Pokémon Game Funded Through Google Ventures
The recent hype around an online Pokémon game showed one thing: that investors still have Alphabet Inc (NASDAQ:GOOG) stuck in a box labeled “online advertising.” They don’t yet see GOOG stock for what it truly is…
Does Google make most of its money from advertising revenues? Absolutely, but that isn’t what made the company invest in Niantic—a software developer that came up with the “Pokémon Go” game—and it isn’t what will drive the company’s growth in the future. (Source: “Nintendo, Google to Invest up to $30 Million in Niantic, Maker of Mobile Pokémon Game,” Recode, October 15, 2015.)
Google is an investor, plain and simple. Its in-house venture capital fund makes bets on cutting-edge technologies, from the Pokémon game to an augmented reality (AR) company called Magic Leap. All of these strategic investments can add up over time.
That’s how I think about Google stock. It is basically a venture capital fund that invests into startups at an early stage. Even if only one of those companies makes it big, the gains could be enormous for Google. The Pokémon game is basically proof of that concept.
In less than a week, the Pokémon game has had more downloads than “Tinder,” and almost as many as “Twitter.” People are opening this app more often than “WhatsApp,” “Instagram,” “Snapchat,” or “Facebook Messenger.” It is the biggest mobile game ever launched—period.
This phenomenon has put Niantic on the map. The company was virtually unknown last week, but now they seem on track for an eventual initial public offering (IPO). Talk about a meteoric rise.
Google was able to see potential in this company because it knows what good innovation looks like. The company’s entire history is littered with miraculous breakthroughs, implausible inventions, and unlikely discoveries.
Earlier this year, the company showcased its artificial intelligence software beating the world champion of “Go,” a strategy game so complicated it makes chess look more like checkers. And how did they get that artificial intelligence (AI) software? Through an acquisition, of course. (Source: “Google Acquires Artificial Intelligence Startup DeepMind For More Than $500M,” TechCrunch, January 26, 2014.)
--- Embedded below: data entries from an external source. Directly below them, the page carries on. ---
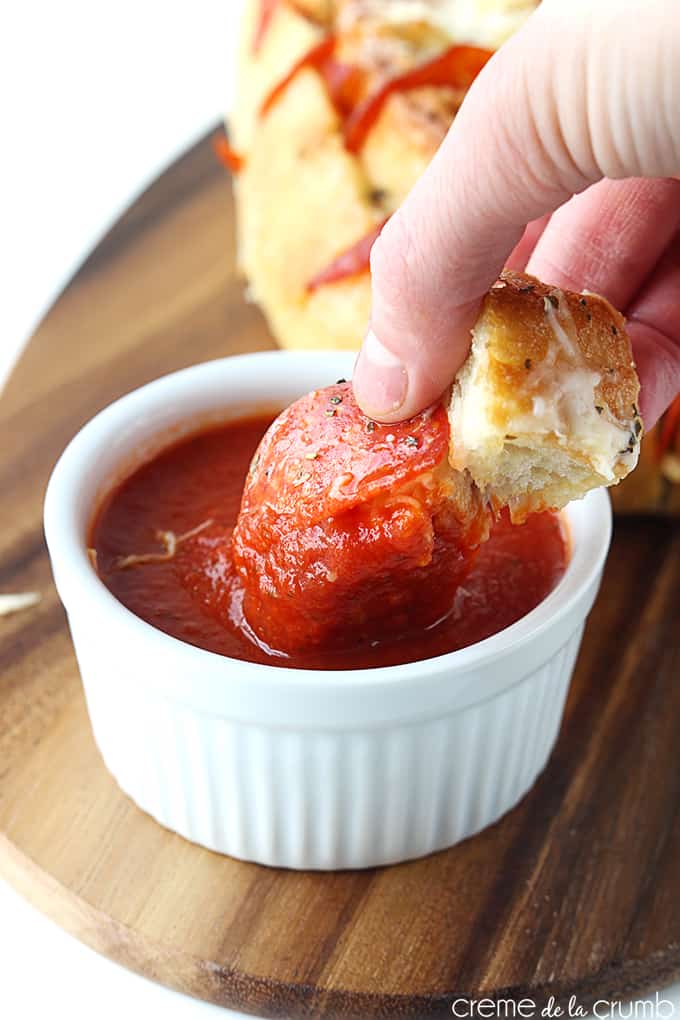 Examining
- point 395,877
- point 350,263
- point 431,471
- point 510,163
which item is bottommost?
point 395,877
Early in 2014, Google bought a London-based company called DeepMind. Although that deal was an outright purchase, it still goes to show that Google has an eye for talent. It is the technology equivalent of Warren Buffett’s Berkshire Hathaway.
Like Buffett’s uncanny ability to pick underpriced stocks, Google can spot a valuable start-up from a mile away. Even internally, the most innovative ideas are what make their way to the top. “Gmail,” “Google Maps,” “Android”: these were all innovative add-ons to the firm’s core function—search.
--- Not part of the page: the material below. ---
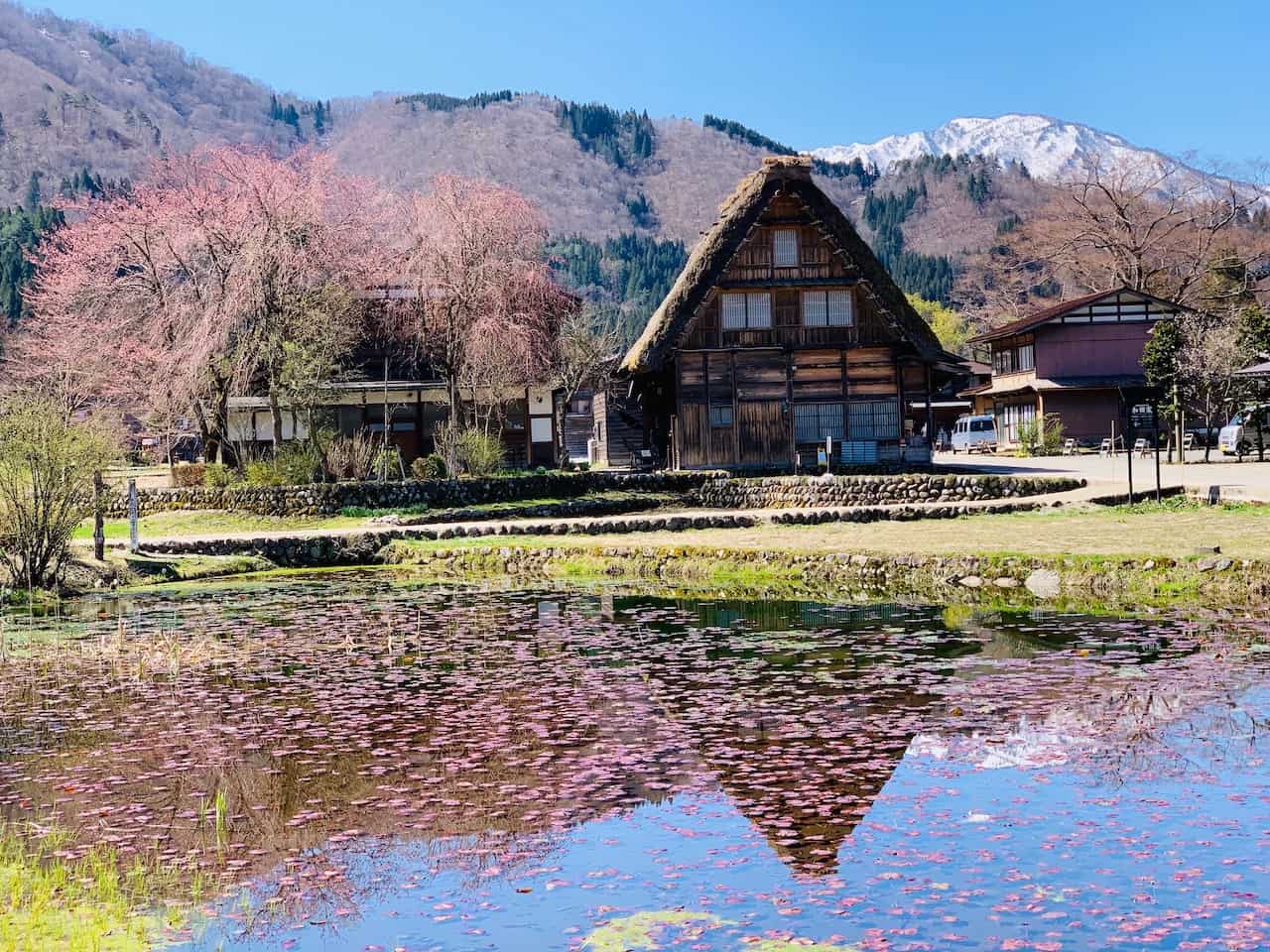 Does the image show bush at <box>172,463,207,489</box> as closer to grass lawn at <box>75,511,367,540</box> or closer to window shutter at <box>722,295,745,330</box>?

Now, Google is looking for innovation that translates into profit. The company was reorganized into Alphabet specifically for this purpose. It divided the income statement into two categories: “Google” and “Other Bets.” (Source: “Alphabet Announces First Quarter 2016 Results,” Alphabet Inc, April 21, 2016.)
The “Other Bets” is meant to develop new ideas into fully-fledged businesses. Having scored such a big win with the “Pokémon Go” game is good, but it’s only a sliver of the company’s potential as an investor. I see it driving a majority of Google’s growth in the coming years, which is a major reason for being bullish on GOOG stock.